Posted in FILM with tags , , , , , , , , , , , , , , , on April 23, 2024 by dcairns

THIS TRAGEDY OF THE FOOTPRINTS ON THE CEILING WILL JAM ANY THEATRE

A long time ago — a million years BC — I resolved to watch every film illustrated in Denis Gifford’s Pictorial History of the Horror Movie, a big green book (though some editions are purple) which loomed large in my childhood. I named this quixotic quest See Reptilicus and Die, and I blogged about my progress until there wasn’t any to blog about. The problem is that some of the films are lost — that’s OK, I discount those, though the idea of remaking them has some appeal — and some were unavailable.
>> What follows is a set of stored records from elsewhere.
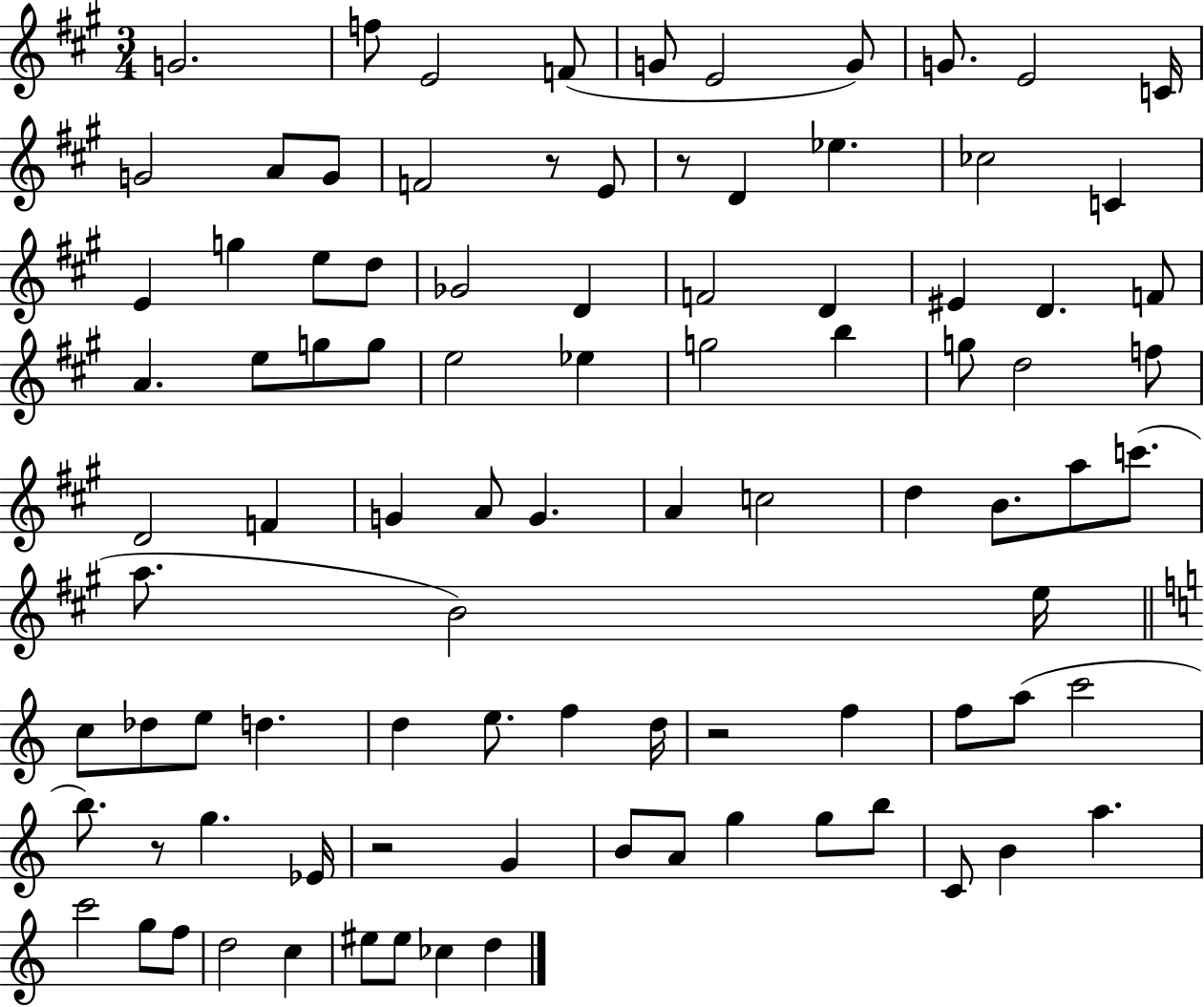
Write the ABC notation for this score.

X:1
T:Untitled
M:3/4
L:1/4
K:A
G2 f/2 E2 F/2 G/2 E2 G/2 G/2 E2 C/4 G2 A/2 G/2 F2 z/2 E/2 z/2 D _e _c2 C E g e/2 d/2 _G2 D F2 D ^E D F/2 A e/2 g/2 g/2 e2 _e g2 b g/2 d2 f/2 D2 F G A/2 G A c2 d B/2 a/2 c'/2 a/2 B2 e/4 c/2 _d/2 e/2 d d e/2 f d/4 z2 f f/2 a/2 c'2 b/2 z/2 g _E/4 z2 G B/2 A/2 g g/2 b/2 C/2 B a c'2 g/2 f/2 d2 c ^e/2 ^e/2 _c d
The project kind of fizzled after I finally saw REPTILICUS, and failed to die.

BALAOO, THE DEMON BABOON was one of these inaccessible items — and also one of the lost ones. Only fragments survive, and they’re in some cinematheque somewhere. I vaguely thought about travelling there. But YouTube has obviated that requirement!
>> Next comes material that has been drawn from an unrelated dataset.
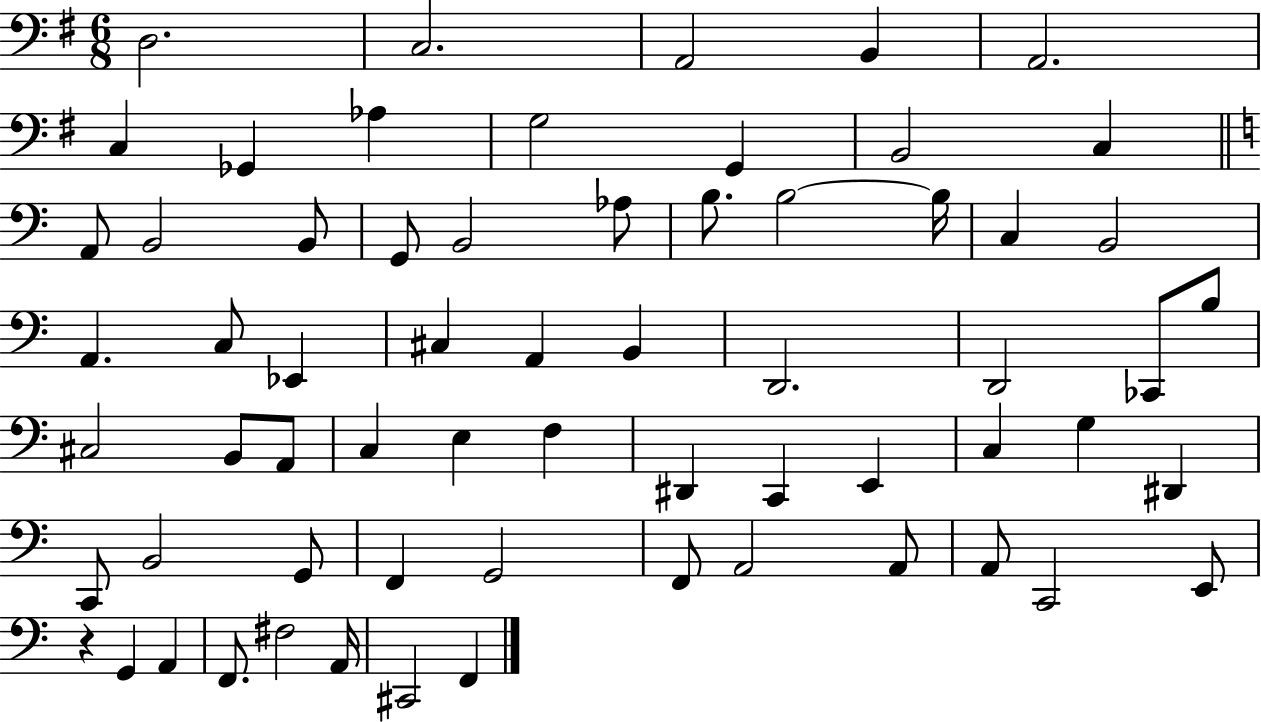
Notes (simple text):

D3/h. C3/h. A2/h B2/q A2/h. C3/q Gb2/q Ab3/q G3/h G2/q B2/h C3/q A2/e B2/h B2/e G2/e B2/h Ab3/e B3/e. B3/h B3/s C3/q B2/h A2/q. C3/e Eb2/q C#3/q A2/q B2/q D2/h. D2/h CES2/e B3/e C#3/h B2/e A2/e C3/q E3/q F3/q D#2/q C2/q E2/q C3/q G3/q D#2/q C2/e B2/h G2/e F2/q G2/h F2/e A2/h A2/e A2/e C2/h E2/e R/q G2/q A2/q F2/e. F#3/h A2/s C#2/h F2/q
Excitingly, BALAOO is directed by Victorin-Hyppolite Jasset, director of the evocative and delightful PROTEA, a kind of LES VAMPIRES knock-off which has been entrancing unsuspecting punters since its recentish rediscovery. An amazing work. I see that there’s quite a lot more Jasset out there, and I ought to consume all of it, he seems one of the figures to preserve the charm of the cinema of attractions into the age of sustained narrative. A poet, in other words. I’ve only seen some of his ZIGOMAR films but he also made something called THE MAGIC SACK. What’s not to like there?

Just as PROTEA seems like the start of a serial that never develops or ends, the surviving bits of BALAOO have an evocative quality potentially in excess of the original, complete version’s, though it would have been nice to see those footsteps on the ceiling. Here’s a still purporting to show how they got there.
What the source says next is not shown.